Supplied entries: Begin
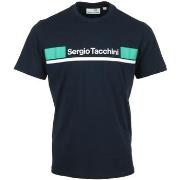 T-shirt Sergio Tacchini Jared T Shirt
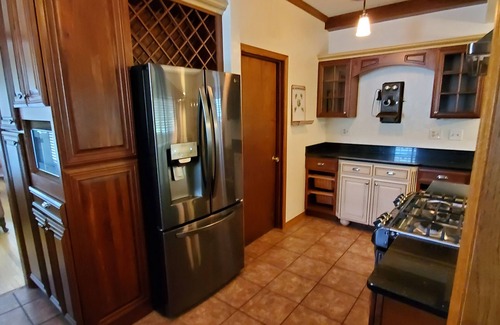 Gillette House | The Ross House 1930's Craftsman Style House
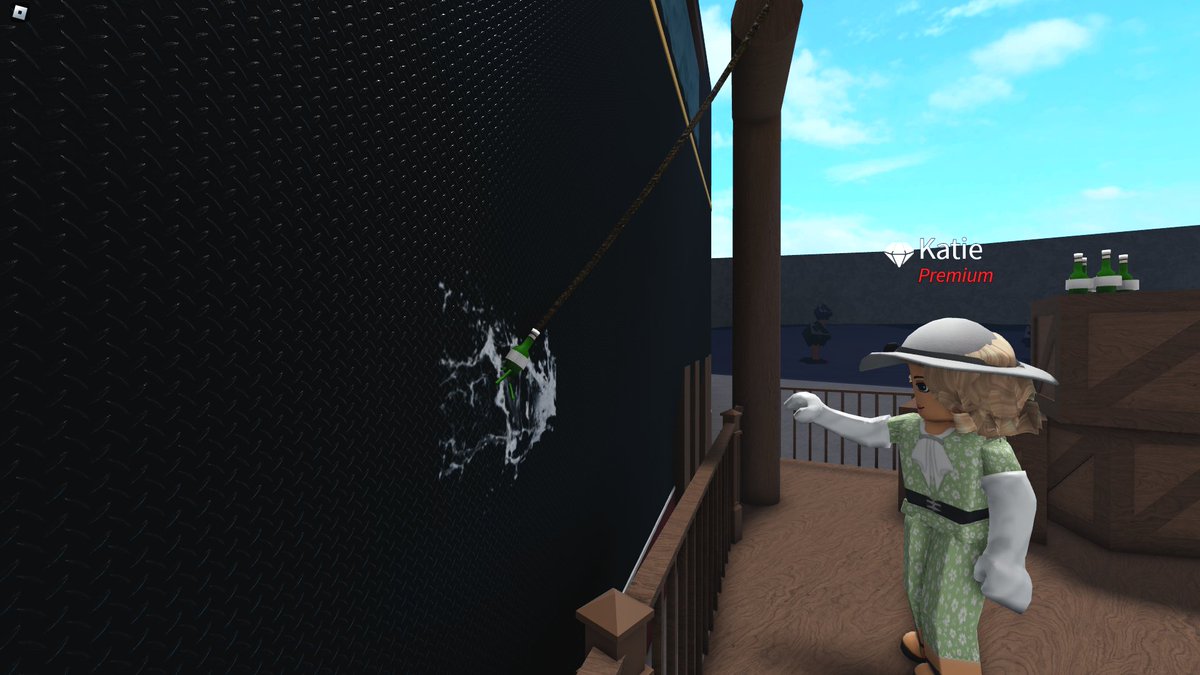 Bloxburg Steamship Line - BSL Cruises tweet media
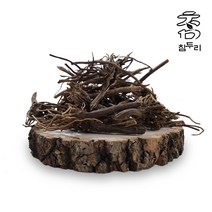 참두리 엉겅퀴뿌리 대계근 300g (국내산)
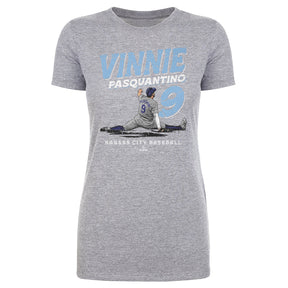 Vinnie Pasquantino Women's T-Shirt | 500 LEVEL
Supplied entries: End
Supplied entries: Begin
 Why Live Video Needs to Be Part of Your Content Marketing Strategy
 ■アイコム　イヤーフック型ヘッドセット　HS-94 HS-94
Supplied entries: End
> **Work order**: In the material above, which lines fall between the one holding "참두리 엉겅퀴뿌리 대계근 300g (국내산)" and the one holding "Vinnie Pasquantino Women's", inclusive? Print exactly those, with the pictures left out.

> **Written answer**:
 참두리 엉겅퀴뿌리 대계근 300g (국내산)
 Vinnie Pasquantino Women's T-Shirt | 500 LEVEL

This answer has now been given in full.